● **The problem**
With the pictures left out, transcribe exactly the lines from the one with "Cottage House Twin" through the end of the data.

● **Dataset extract**

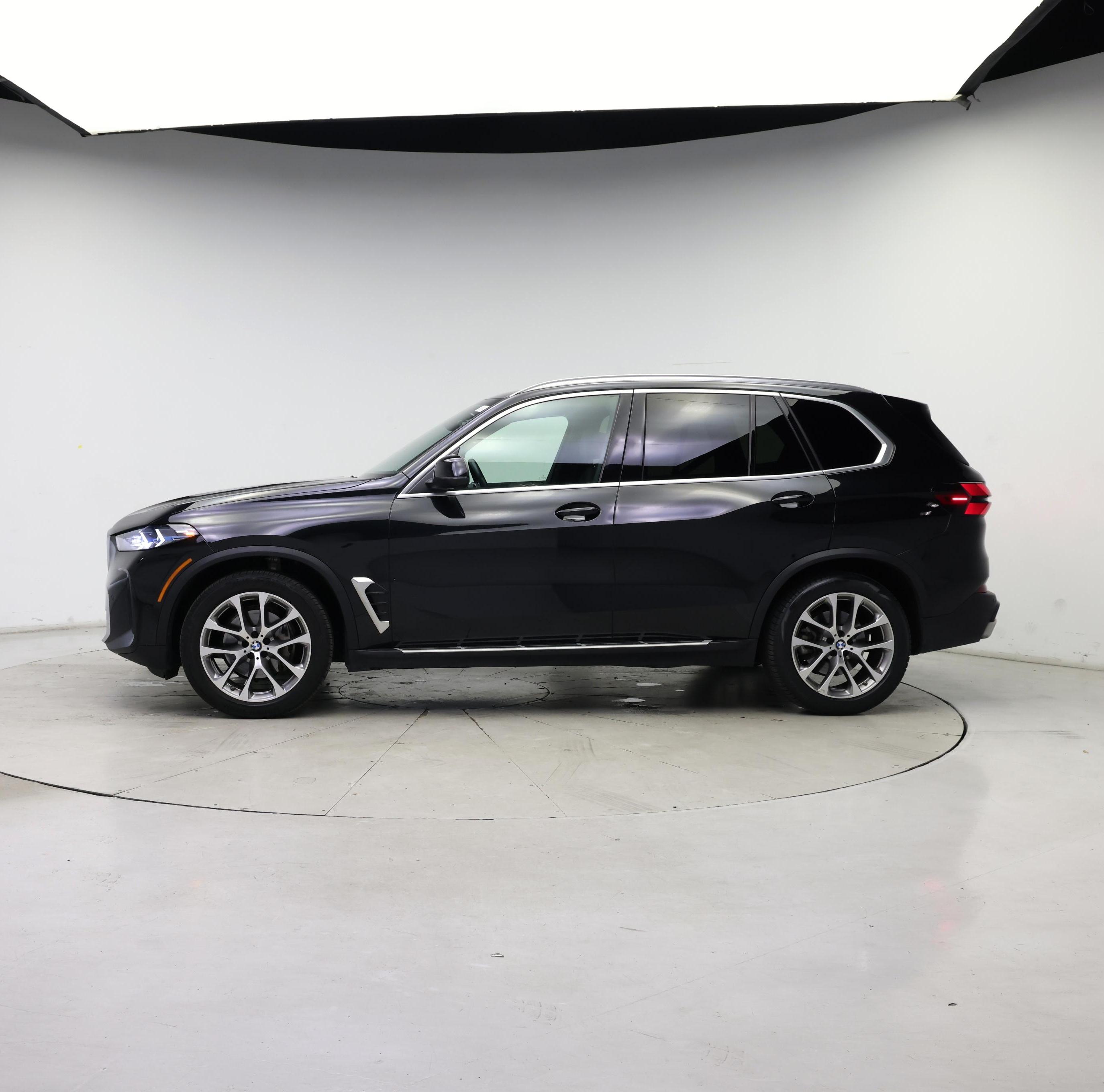 Thumbnail: 2024 BMW X5 - 3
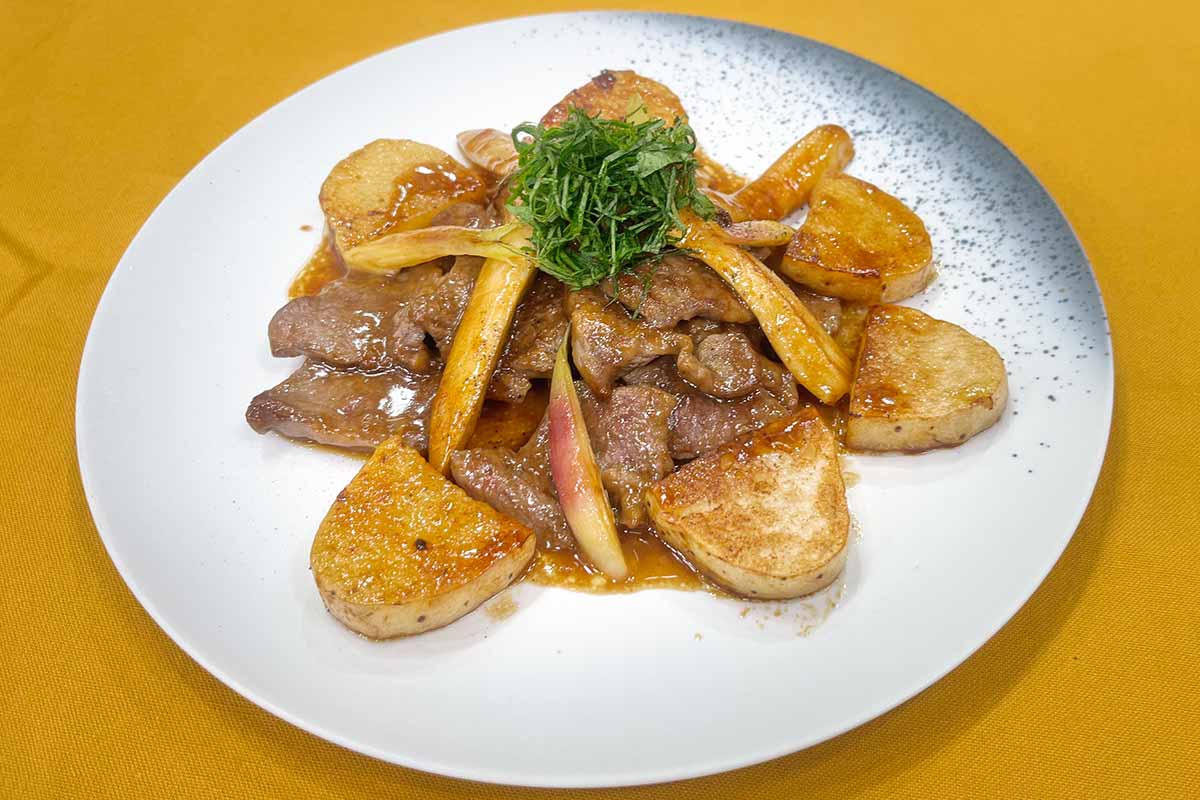 牛肉と長芋の焦がしバター醤油炒め
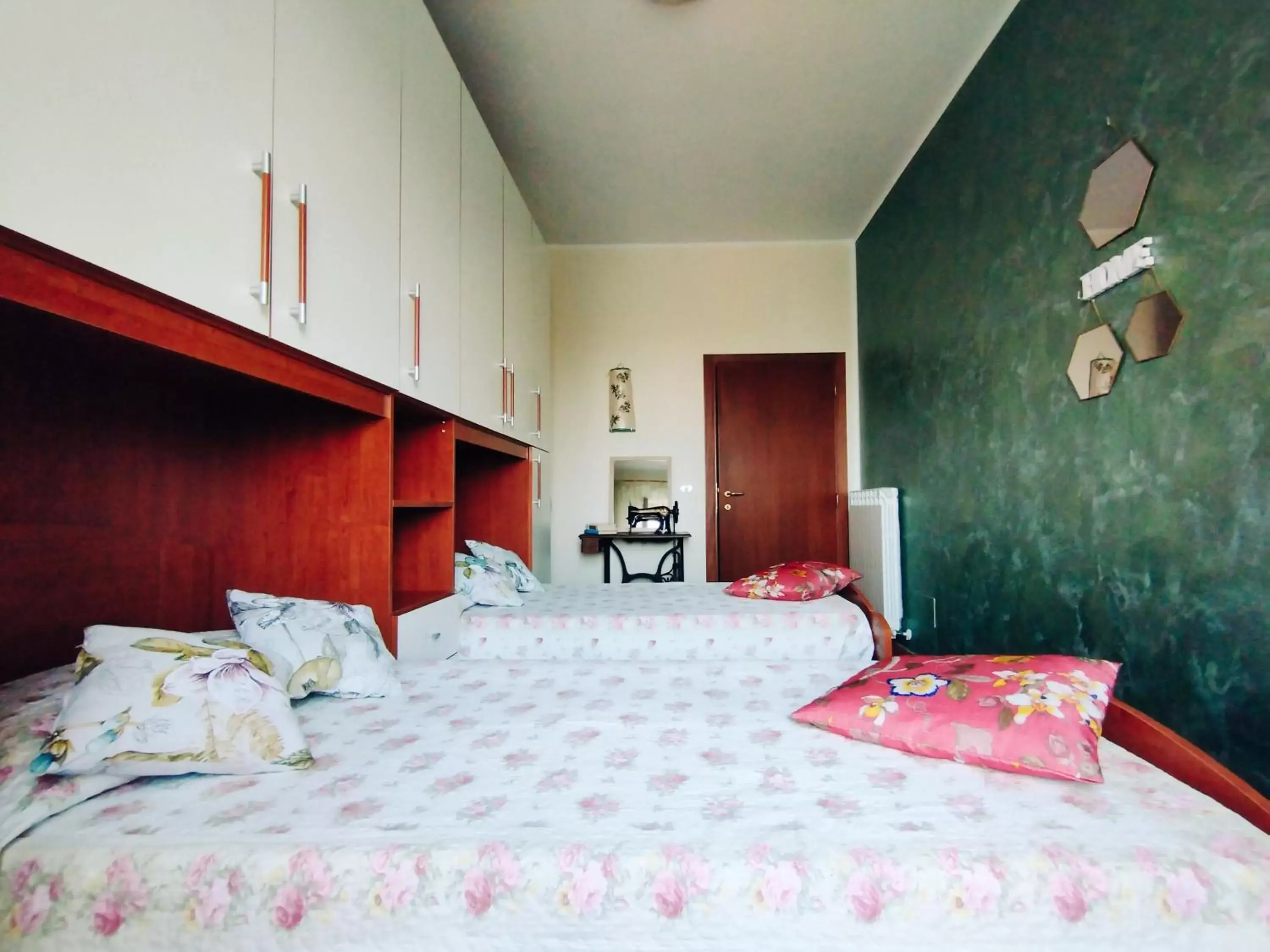 Twin Room with View in La Casa tra Gli Ulivi Cottage House Twin Room with View in La Casa tra Gli Ulivi Cottage House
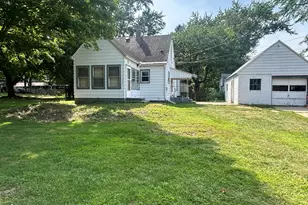 204 Willow Dr, Buchanan, MI 49107 - Photo 1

● **Response area**
 Twin Room with View in La Casa tra Gli Ulivi Cottage House Twin Room with View in La Casa tra Gli Ulivi Cottage House
 204 Willow Dr, Buchanan, MI 49107 - Photo 1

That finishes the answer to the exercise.